> RECORDED DATA:
____________________

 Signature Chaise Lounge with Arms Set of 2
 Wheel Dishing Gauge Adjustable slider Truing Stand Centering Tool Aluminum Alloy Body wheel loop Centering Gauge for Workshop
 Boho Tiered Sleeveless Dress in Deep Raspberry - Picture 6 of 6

____________________

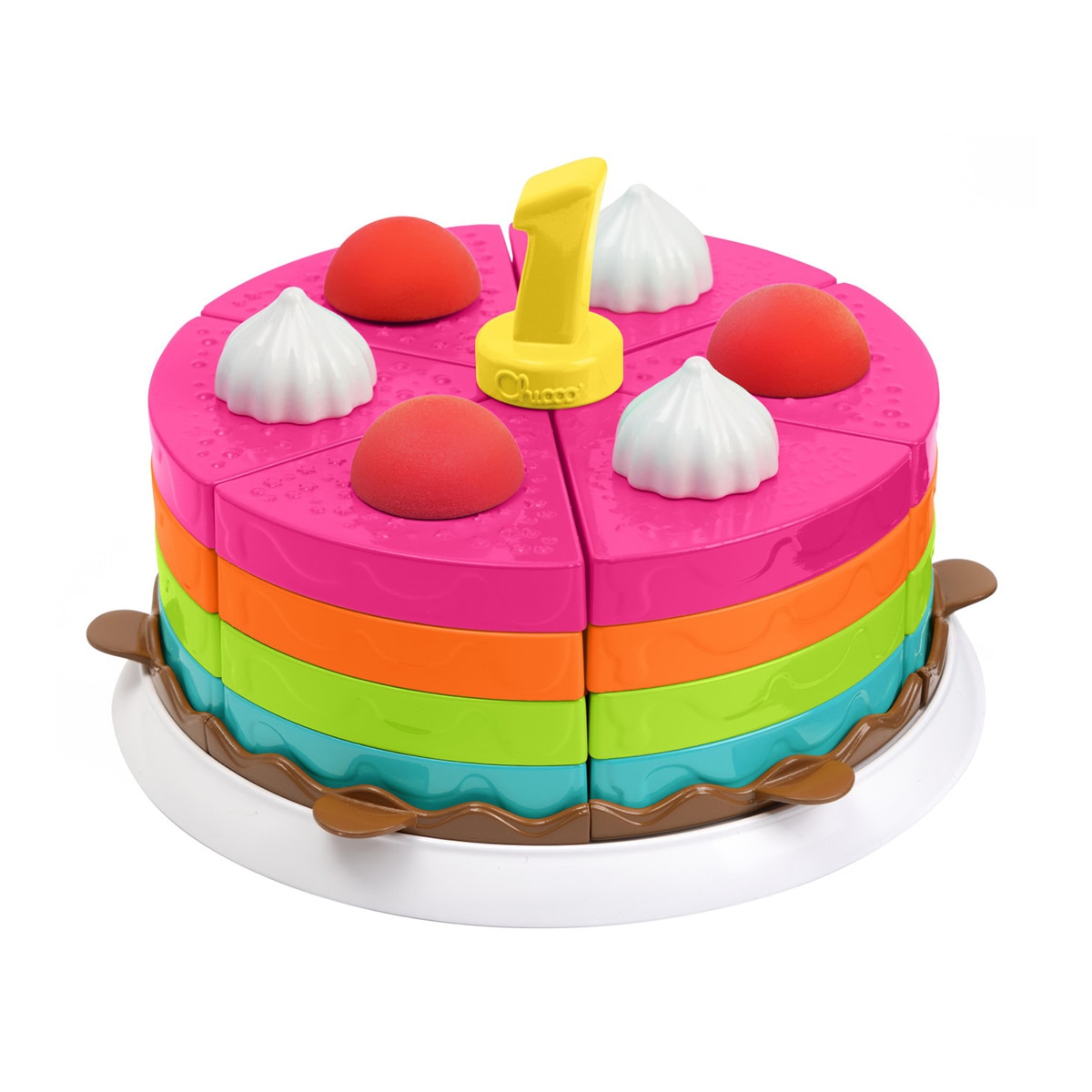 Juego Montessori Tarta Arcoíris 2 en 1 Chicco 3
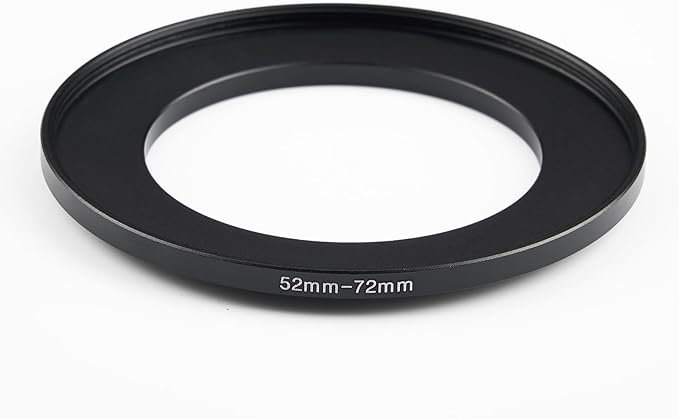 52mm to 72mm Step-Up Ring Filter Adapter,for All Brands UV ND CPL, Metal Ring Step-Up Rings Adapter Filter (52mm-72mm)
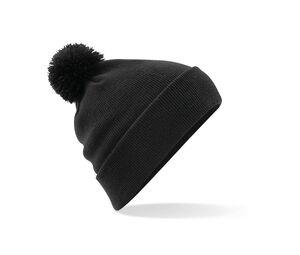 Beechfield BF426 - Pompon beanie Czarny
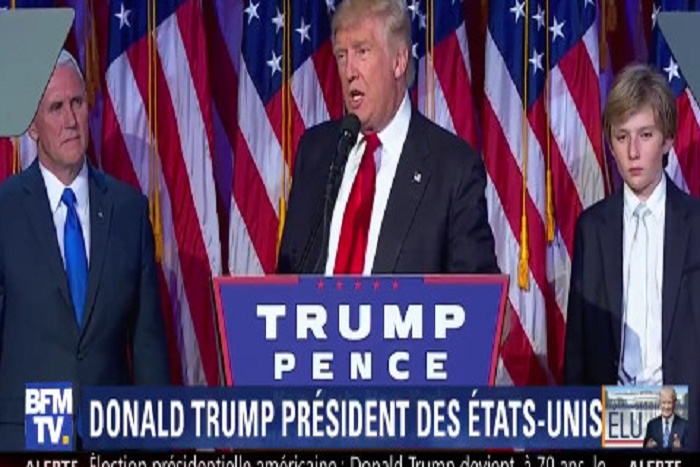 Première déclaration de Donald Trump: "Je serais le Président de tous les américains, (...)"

____________________

> EXERCISE: Set down exactly the lines above, from the line containing "Juego Montessori Tarta" through the line containing "Première déclaration de". Skip the pictures.

> YOUR SOLUTION:
 Juego Montessori Tarta Arcoíris 2 en 1 Chicco 3
 52mm to 72mm Step-Up Ring Filter Adapter,for All Brands UV ND CPL, Metal Ring Step-Up Rings Adapter Filter (52mm-72mm)
 Beechfield BF426 - Pompon beanie Czarny
 Première déclaration de Donald Trump: "Je serais le Président de tous les américains, (...)"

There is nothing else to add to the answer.